UCSB’s oldest professor celebrated his 100th birthday with two days of festivities earlier this week honoring his achievements in his field.

Chicana and Chicano studies professor Luis Leal spent the day in the company of fellow faculty members, former students and UCSB administrators this past Monday and Tuesday. Leal’s birthday celebration included a conference commemorating his work and the premiere of a film about his life, “Luis Leal: A Journey of 100 Years.”

Leal, an internationally renowned scholar in Mexican, Latin American and Chicano studies, has authored more than 45 books and 400 articles in a career spanning over 50 years.

Born in 1907 in Northern Mexico, Leal came to the United States in the late 1920s and began his undergraduate work at Northwestern University. He later received his Ph.D. from the University of Chicago in 1950 following his service in the U.S. Army during World War II in the Pacific Theater. He then joined the UCSB faculty in 1976 as a visiting professor and taught through 2004.

According to Chicana and Chicano studies professor Mario T. Garcia, Leal serves as not only a colleague, but as a mentor to many UCSB faculty members.

“Professor Leal is a major treasure, exemplary scholar and a great model for faculty and students,” Garcia said. “He is warm, generous and giving and we are blessed to have him in our department.”

Chancellor Henry T. Yang, who spoke during both days of the celebration, played a major role in putting together the event for the professor.
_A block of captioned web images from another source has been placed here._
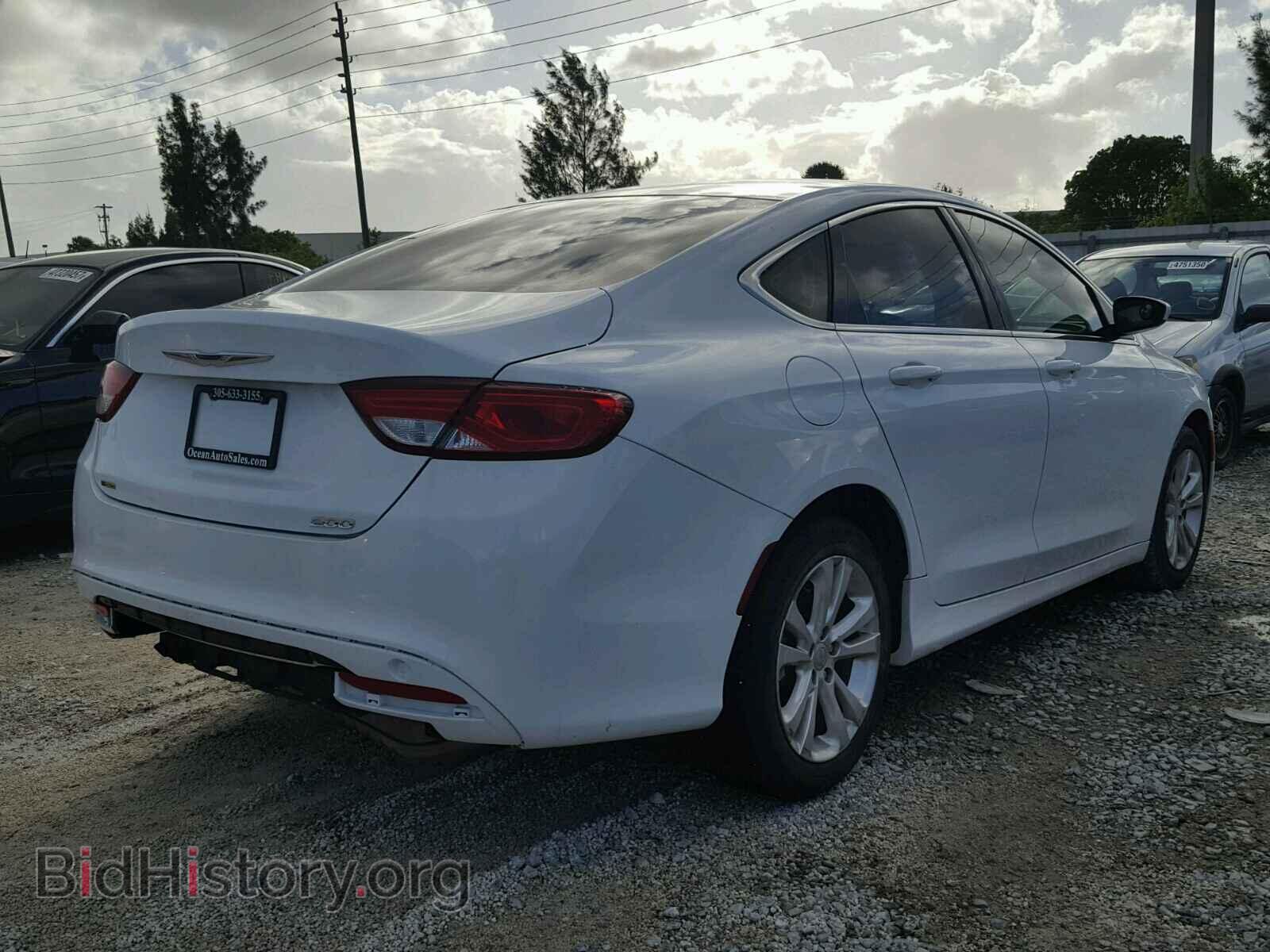 2015 CHRYSLER 200 - VIN: 1C3CCCAB6FN578965 - Photo 4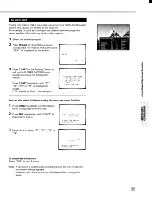 Preview for 25 page of Toshiba CE27G15 Owner'S Manual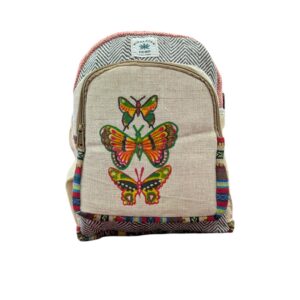 Stylish Handmade Backpack -13 inch - Butterfly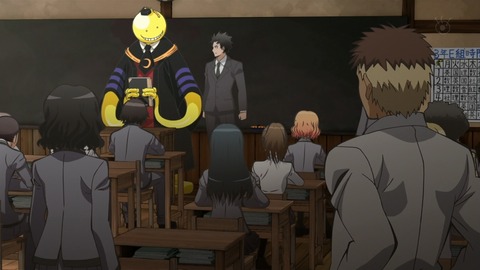 暗殺教室 9話 感想 2738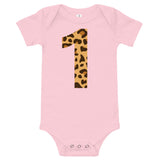 1st Birthday Leopard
“Professor Leal … inspires us all,” Yang said. “We at UC Santa Barbara are honored and proud to have Don Luis as a sabio maestro, wise elder, of our campus community.”

Throughout his career Leal received numerous awards for his work in Chicano and Mexican literature, including the National Association for Chicana and Chicano Studies Scholar of the Year and the Mexican Order of the Aztec Eagle, the highest honor granted to foreign citizens by the Mexican government. He was also one of the recipients of the National Humanities Medal, which honors individuals and groups who have expanded the nation’s understanding of the field, in 1997, the first year of its inception.

Professor Leal said he was pleased to see some of his old students in attendance at his birthday celebration.

“Some of my students who were last night at the reception I haven’t seen for some time and I was glad to see them,” Leal said. “There were even some people who studied with me who I was surprised to find are now retired.”